Busólogos são muitas vezes incompreendidos e julgados, mas seu hobby é cada vez mais popular


Por Pedro Paixão


Um jovem fotografa dois ônibus em exposição na Rio Bus Expo, convenção de busólogos no Rio de Janeiro realizada em 30 de agosto deste ano - Foto: Reprodução/Instagram: @transportes.flores e @riobus_expo
Um jovem fotografa dois ônibus em exposição na Rio Bus Expo, convenção de busólogos no Rio de Janeiro realizada em 30 de agosto deste ano - Foto: Reprodução/Instagram: @transportes.flores e @riobus_expo

Tem quem passe horas lendo e estudando sobre todas as marcas de ônibus Outros sabem de cor os itinerários das linhas da cidade. Há os que fotografam ônibus como quem gosta de fotografar passarinhos, e os que preferem pintar e desenhar seus modelos favoritos. Alguns têm preferência por modelos de viagem e frequentam rodoviárias, enquanto outros gostam mais dos modelos urbanos e visitam garagens todos os fins de semana.


São todos casos de praticantes e aficionados da busologia, a paixão daqueles que entendem os ônibus como algo além de um simples meio de transporte, o que muitas vezes é incompreendido. 


“Normalmente, os busólogos têm sempre o mesmo caminho: achamos que somos os únicos e sempre descobrimos que há diversas pessoas como nós”. É o que diz Gabriel Oliveira da Silva, de 25 anos.
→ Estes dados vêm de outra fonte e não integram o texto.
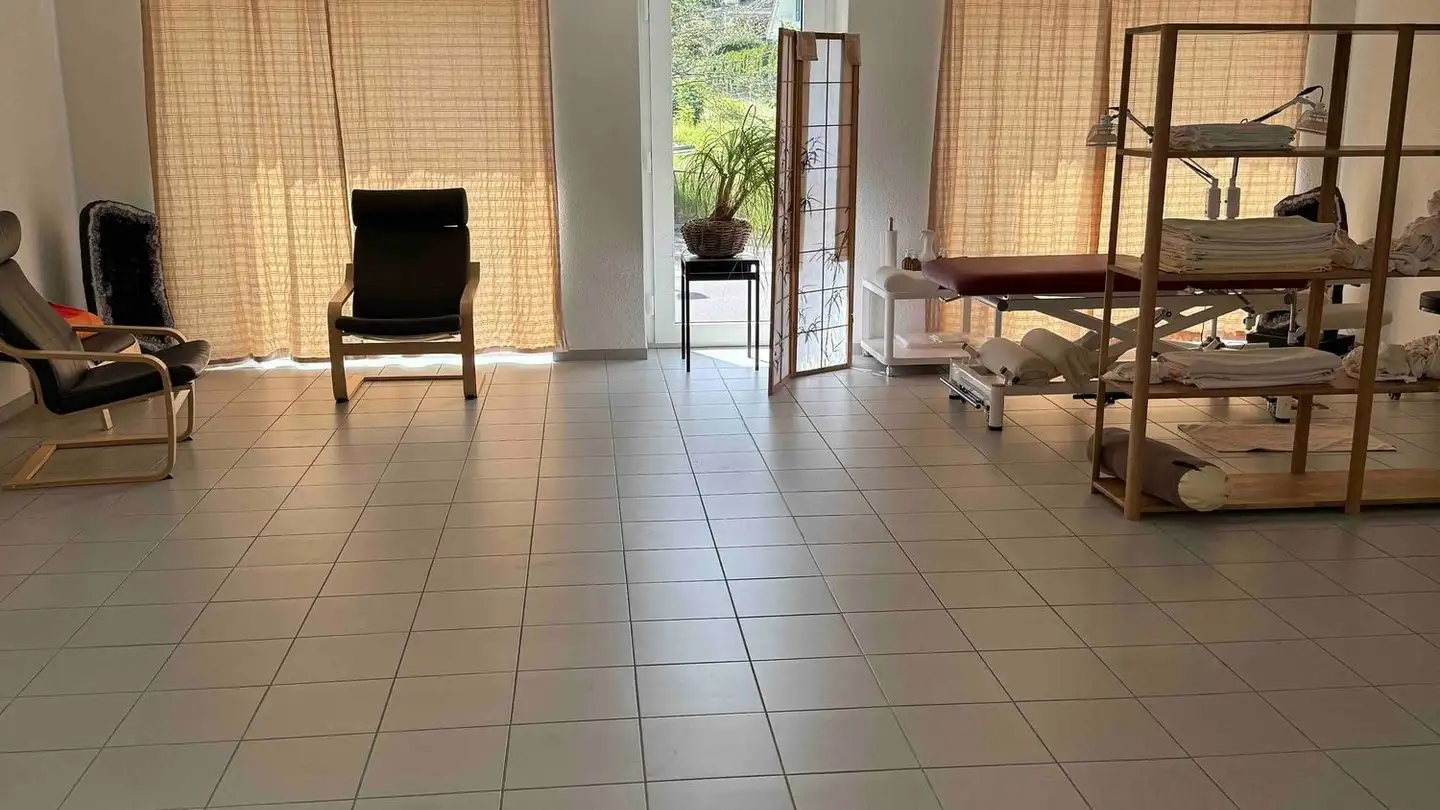 Commerciale in affitto - Hauptstrasse 60, 4654 Lostorf - Photo 2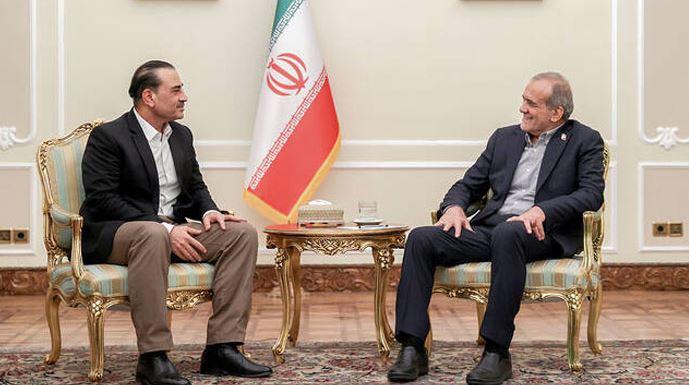 CDF Munir arrives in Tehran for talks with senior Iranian officials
No caso dele, é tudo uma mistura: “Me interesso pela busologia por completo”. Ele se diverte com desenhos e fotografias de ônibus, acompanha notícias sobre o desenvolvimento de novas linhas e aquisições de veículos pelas empresas, e há quase dez anos frequenta garagens, onde passa horas conversando com motoristas, cobradores e donos de viações. Segundo ele, o interesse nasceu ainda na infância, praticamente desde a primeira vez em que utilizou o transporte como meio de locomoção, e sem muita explicação, foi se desenvolvendo até transformar-se em algo especial.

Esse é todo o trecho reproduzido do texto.